Feeling rejected, I walked across the street from my office and opened an account at Bank of America. This branch exuded ugliness, from the low, dark building, to the ancient, grubby Windows terminals, to the tacky welcome kit. Though I missed Citibank’s shiny ATMs, pride kept me there even as the terminal crashed three times on the young Relationship Manager who was setting up my account. “Your first check will take three weeks to clear,” she said. That seemed fair enough.
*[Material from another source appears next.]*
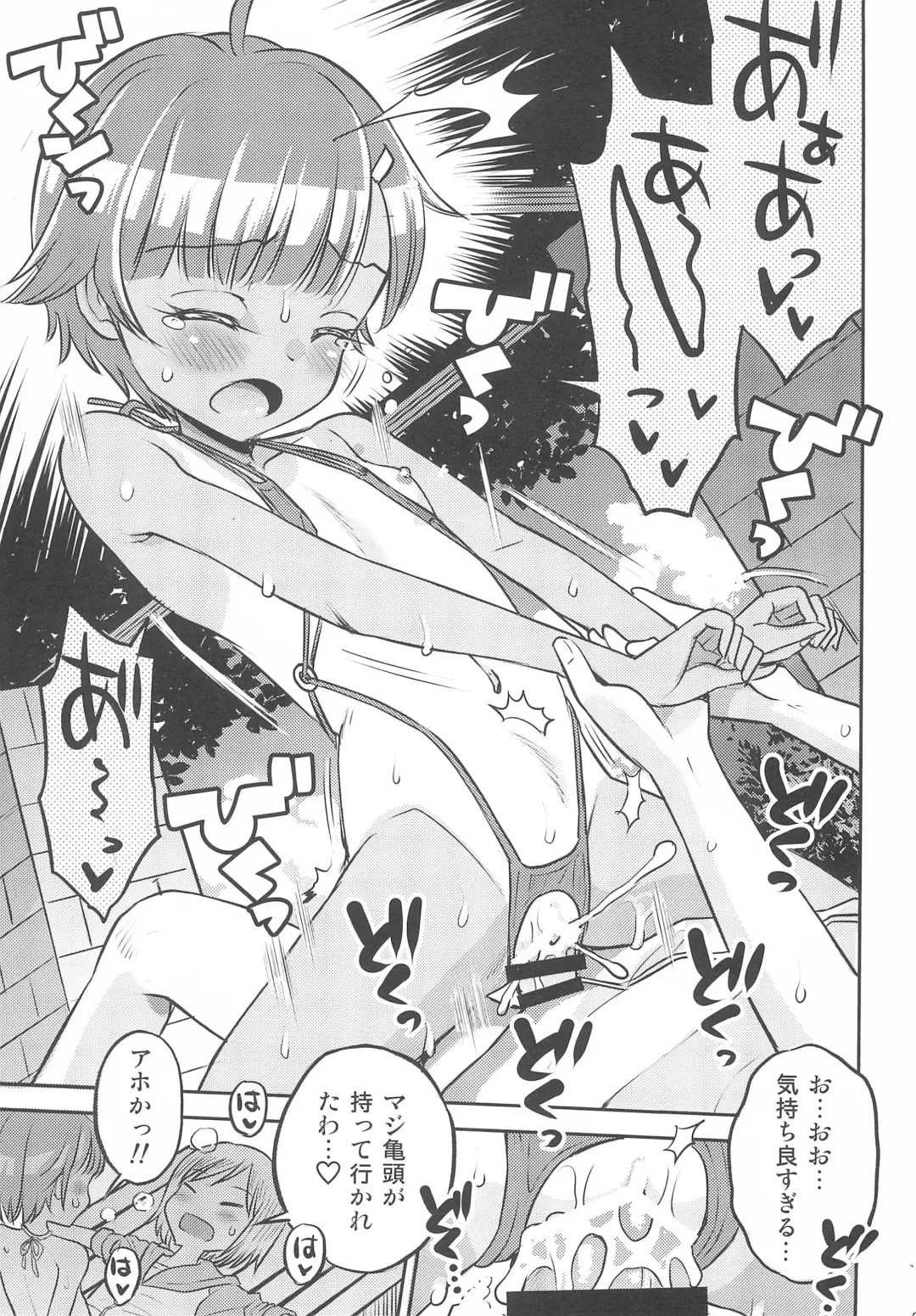 [Tamachi Yuki] Mako to Himitsu no Itazura - Mako no Onayami Soudanshitsu Fhentai - Page 25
Then I tried to confirm receipt of the credit card and debit card that arrived two weeks later.(They are almost identical, and butt-ugly. I’m not sure how customers with poor eyesight are supposed to manage.) On two separate calls, I had to sit through a six-minute pitch for an identity theft protection ‘service,’ which I didn’t want. There was no indication that my card had been confirmed until right at the end, so each time I was trapped with a robot huckster. “Welcome to Bank of America,” she lied.
Then I went to the branch and deposited a pair of checks. Since I was a new customer, the teller told me, they were going to place a ‘Hold’ on them for three weeks. I asked how long this policy would apply, and he consulted a more senior employee. I’d be on ‘probation’ for six months, she explained.
Probation? These people are getting automatic delivery of my paycheck.
I told the poor young clerks that these experiences were not what I’d hoped for as a new customer. They looked stricken. ‘We can’t do anything. Corporate doesn’t listen to us. Maybe if customers told them they’d do something, but we have no way to tell them. Maybe you should try to find out who to complain to.’ They had no idea who that might be. “Corporate?” they bleated.
Bank of America, are you listening? You’re toast.